Our approach outperforms strongest ED baselines [6][8] on ZELDA benchmark and EL baselines [8], [10], [13] on GEBIL benchmark [12].

2 Related Work↩︎ Entity Disambiguation.

Existing ED approaches typically fall into two main categories: classification approaches and generative approaches.

For classification approaches, LUKE [6] and FEVRY [7] are two of the most well-known approaches due to their strong performance. LUKE is based on masked entity prediction. During the pre-training, LUKE combines input text and ground-truth entities as input tokens. Then, it randomly masks entities from those ground-truth entities and predict those masked entities by leveraging both the input text and those unmasked entities. Their model is trained on a large entity-annotated corpus obtained from Wikipedia and achieves the current SoTA in several ED benchmark datasets.

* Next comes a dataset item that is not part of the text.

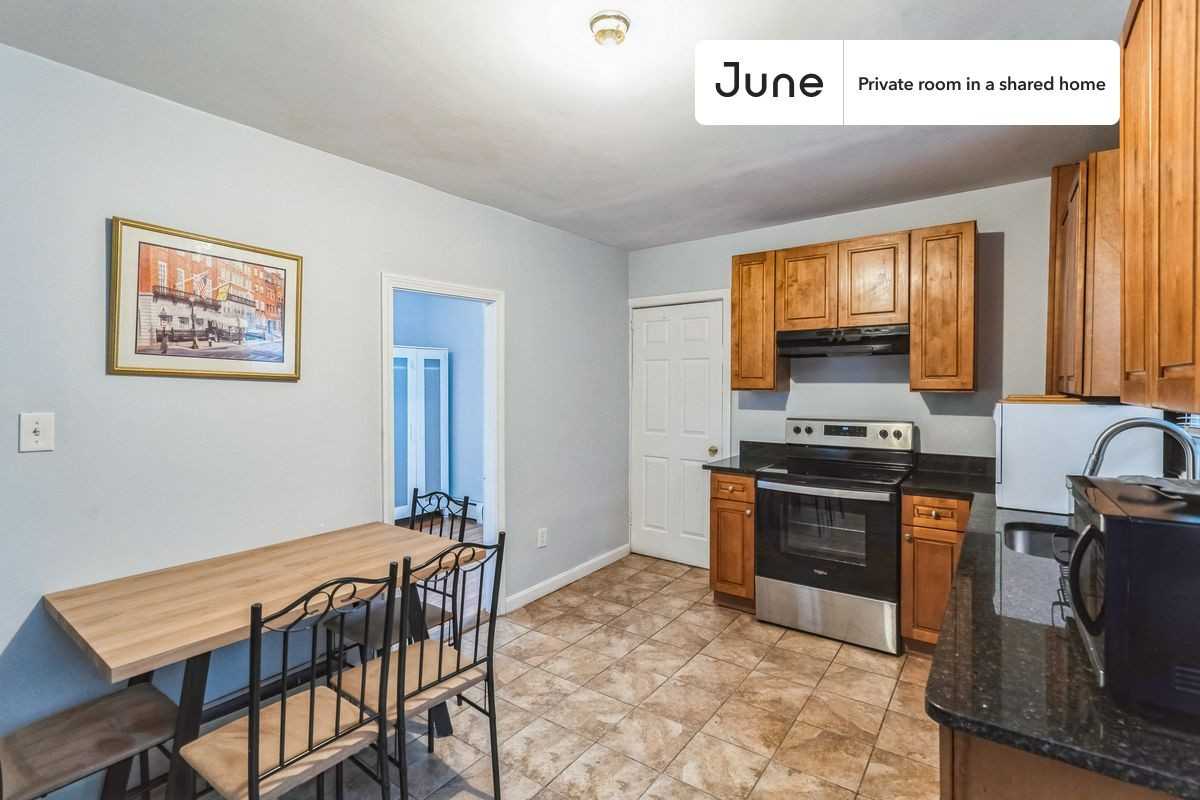 39 Adrian St #D - Photo 5 of 12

For generative approaches, GENRE [8] uses BART weights from [2] and is trained on a Wikipedia corpus, learning to generate entity names in an autoregressive manner, conditioned on the provided context. At inference, GENRE employs a constrained beam search strategy that forces each generated name to be in a predefined entity set.

Conventionally, ED methods are evaluated on six datasets, MSNBC, AQUAINT, ACE2004, WNED-CWEB (CWEB) and WNED-WIKI (WIKI) [14], [15]. Nevertheless, as shown in [9], those different ED methods use significantly different amounts of training data (ranging from 2 to 20 million annotated text) obtained with diverse sampling methodologies and enhanced weak labels [16], [17], and completely different knowledge bases (ranging from few thousands to over 6 million) from different sources, YAGO [18] or KILT [19] and different candidate lists [20], [21]. Thus, comparing various approaches is highly challenging. It is impossible to conclude which approach performs best [9].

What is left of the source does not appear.